If doubts existed about the ability of a rock opera to translate from the recording studio to the resonating acoustics of Wesleyan’s own Memorial Chapel, let them be dispelled.  Christopher Owens, formerly of the indie-beach-punk duo Girls, brought along a posse of eight other musicians to perform the entirety of his recent solo album, Lysandre, to a full and surprisingly attentive crowd.

Mara Connor (Wes/Vassar ’13) opened the show with an enjoyable acoustic set, bringing Henry Hall ’14 to add electric guitar and some rock flair for a few songs.  After Connor ended with a cover of one of Owens’ own tunes, the golden-haired Adonis himself came onstage to sing about, well, girls.

Lysandre, of course, is really only a rock opera in form, not length.  Owens and company plowed through the album in little over a half hour. Although the 11 album tracks differentiate themselves well enough along the California pop-rock spectrum, the simple but versatile “Lysandre’s Theme” reprises throughout in the keyboard, sax, flute, and guitar parts.  Album highlights “New York City” and “Here We Go Again” were the most energetic and successful performances, while the awkward am-I-a-bad-songwriter tune “Love Is In The Ear of the Listener” was the only down moment in the set.

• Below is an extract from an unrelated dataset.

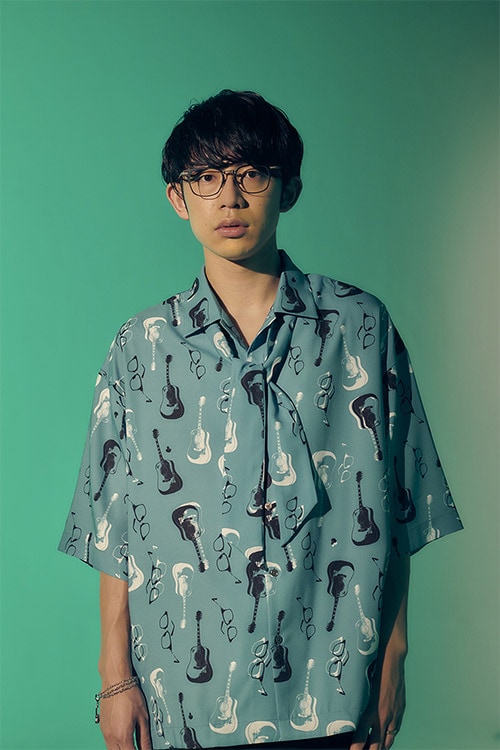 KAWASAKI TAKAYA × tk.TAKEO KIKUCHI｜tk.TAKEO KIKUCHI（ティーケー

Christopher Owens at Memorial Chapel

Also notable was the complete lack of stage banter, with Owens transitioning seamlessly from track to track without mention of song title or even a “How are you doing tonight, Wesleyan?” shout-out.  After the traditional leaving-the-stage-so-you-think-we’re-done-but-we’re-not shtick, Owens performed a handful of well-picked cover songs with his full band behind him: Cat Stevens’ “Wild World,” Paul Simon’s “The Boxer,” and Bob Dylan’s “Don’t Think Twice It’s All Right” all came out pitch-perfect, and they fit well with the evening’s vibe.

Owens ended the sub-hour-long performance by distributing about a dozen white roses to the majority of boys and girls in the first row.  I was not bitter at all that he passed me over.